I have a LOT of DVDs :-) I'm trying to get into watching them more as I've got a lot of free time on my hands.
^^
Some of my DVDs:
I was doing some sorting so got these out but I've got lots more :)
I am a recent digital convert.
Previously I loved DVDs. I have a collection of around 300 DVD and Blu-ray. I love owning them with all the extras such as commentaries and off cuts and other background information.
The number one problem with DVDs is that they decay and become unreadable. I store them at room temperature with no excessive dampness, I don't scratch or do anything to them. But, I try to play a favourite and they stop with messages about no disk in drive or the just get stuck at certain points. I have tried cleaning them, that helps temporarily but later they fail again.
Now, I have joined the 21st century and I stream onto my tablet.
media degradation is a real issue with optical or magnetic media (ie CDs/DVDs and hard drives).
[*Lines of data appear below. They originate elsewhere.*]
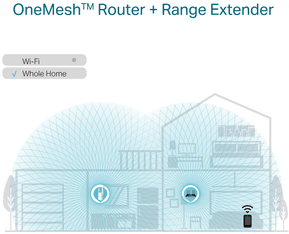 Répéteur WiFi 6 TP-Link AX1800 1201Mbps (RE605X) — image 6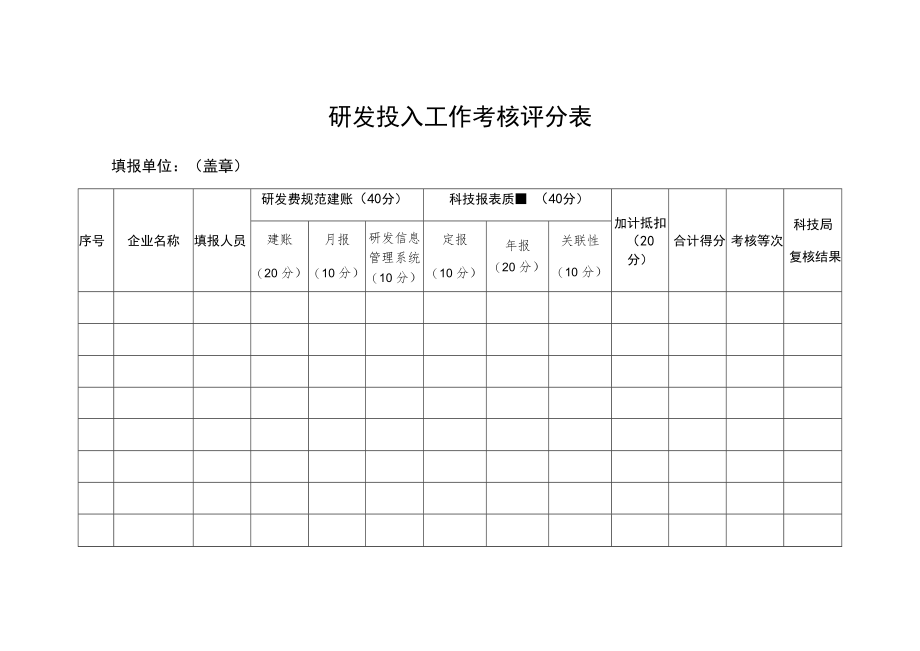 2020年度研发投入工作考核评分细则.docx_第3页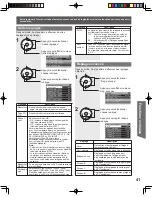 Preview for 121 page of Panasonic PT-44LCX65-K Operating Instructions Manual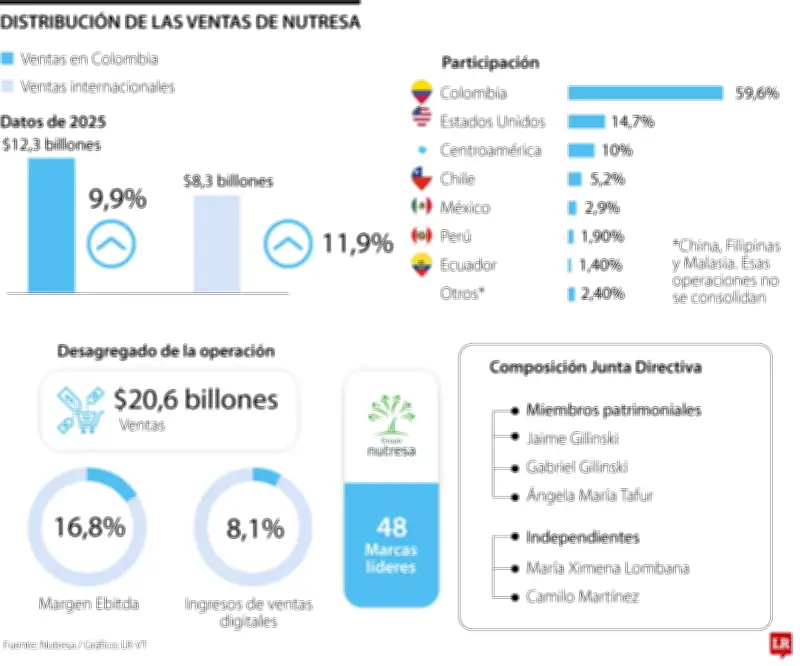 Grupo Nutresa mantiene su mira en Europa y Venezuela como mercados estratégicos futuros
I've worked my whole adult life in IT and have a few suggestions on how to minimise this issue.
1 - make a backup of your DVD to hard drive. You can use free software like DVDFab to do this (there are about a half dozen "buy me" prompts but you can cancel these and use it to create a backup fine.
2 - If you can afford it, have 2 disks with your backups and replace these every 3-5 years, or simply buy a newer disk to replace one of the backup disks and keep the older one as a secondary backup. Disks are cheap now (about £60 for a good brand portable 4Tb disk) and this has space for around 1,000 DVDs.
3 - remember to keep backups of your documents, spreadsheets, photos, videos and whatever else is important to you - I do these monthly and use the same disks to back up to. They have saved my bacon on several occasions when a disk on my laptop has died or been lost/stolen.
4 - keep a copy somewhere offsite. Maybe leave and older backup disk with a family member and just grad it once a year to copy your current backup disk to. This will save you from losing everything in the event of a fire / burglary / malicious attack on your data (eg where it gets encrypted and the hackers want money to decrypt it..
I know cloud storage is an option and I do use it for stuff I am actively working on (docs, spreadsheets etc) but there have been several experiences where cloud providers have lost data of my colleagues (through the cloud suppliers fault) and a backup was not available. Luckily my directive to keep local backups saved them, but I just don't trust cloud suppliers fully.